If Lessee gives notice within such permitted notice period that it
elects to purchase, then the Proposed Purchase Agreement will be redrafted for
Lessee's and Lessor's signatures, and within 3 business days thereafter, Lessor
and Lessee will enter into a purchase agreement for the Leased Premises on the
exact same terms, provisions, conditions and price as set forth in the Proposed
Purchase Agreement, provided, however, Lessee shall receive a credit on the
purchase price equal to the pro-rata amount of prepaid rent paid by Lessee to
Lessor.
(b) In the event Lessor or an Affiliate of Lessor obtains from SSC fee
title to the Leased Premises during the Lease Term (and Lessor has not delivered
to Lessee a copy of the Proposed Purchase Agreement with a Third Party
Purchaser), then Lessee shall have the option, to be exercised by written notice
to Lessor from Lessee to be received by Lessor at any time prior to the
expiration of the Lease Term and prior to delivery of a copy of a Proposed
Purchase Agreement with a Third Party Purchaser, to purchase the Leased Premises
from Lessee. The purchase price shall be the exact same purchase price paid for
the Leased Premises by Lessor from SSC. Closing shall occur prior to the
expiration of the Lease Term by delivery of a limited warranty deed from Lessor
to Lessee (or its assigns), with no pro-ration of real estate taxes or
assessments and Lessee paying all transfer, recording, title and escrow fees
(each party shall pay their own attorneys' fees). A credit on the purchase price
shall be given to Lessee by Lessor for prepaid Base Rent, as provided in
paragraph 30(a) above.
In addition, Lessee may also give written notice to Lessor no later
than thirty (30) days prior to the expiration of the Lease Term that Lessee
desires Lessor to (i) attempt to negotiate with SSC a purchase price for the fee
title to the Leased Premises, and (ii) if negotiations are successful, to
purchase from SSC the fee title to the Leased Premises.
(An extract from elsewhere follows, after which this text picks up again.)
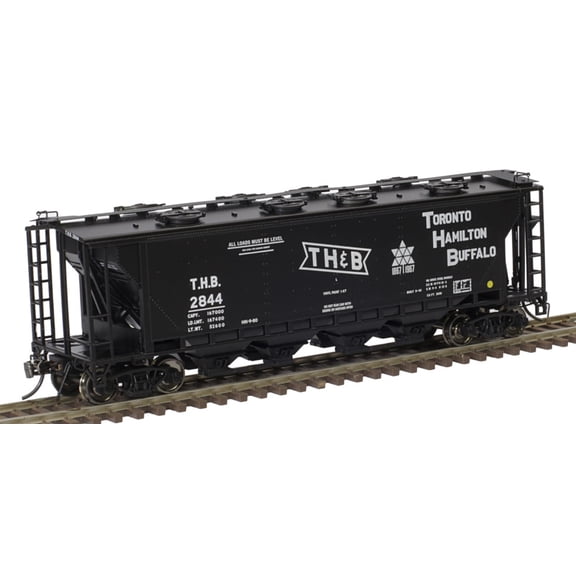 Atlas HO Scale Slab-Side Covered Hopper Toronto, Hamilton & Buffalo/TH&B #2850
Lessor, while consulting
with Lessee, will thereafter attempt to negotiate with SSC an acceptable
purchase price for the Leased Premises, and if Lessee, in its sole discretion,
deems such negotiated purchase price acceptable, then Lessee shall direct Lessor
to acquire and Lessor shall make a good faith attempt to acquire fee title to
the Leased Premises from SSC on or before the Lease Termination Date.
Simultaneous with the acquisition from SSC of the fee title, Lessor shall
transfer the fee title to the Leased Premises by limited warranty deed to Lessee
at the exact same purchase price paid by Lessor, less a credit for prepaid Base
Rent, as provided in paragraph 30(a) above, with all other costs, fees or
expenses to be incurred by Lessor limited to Lessor's own attorney fees.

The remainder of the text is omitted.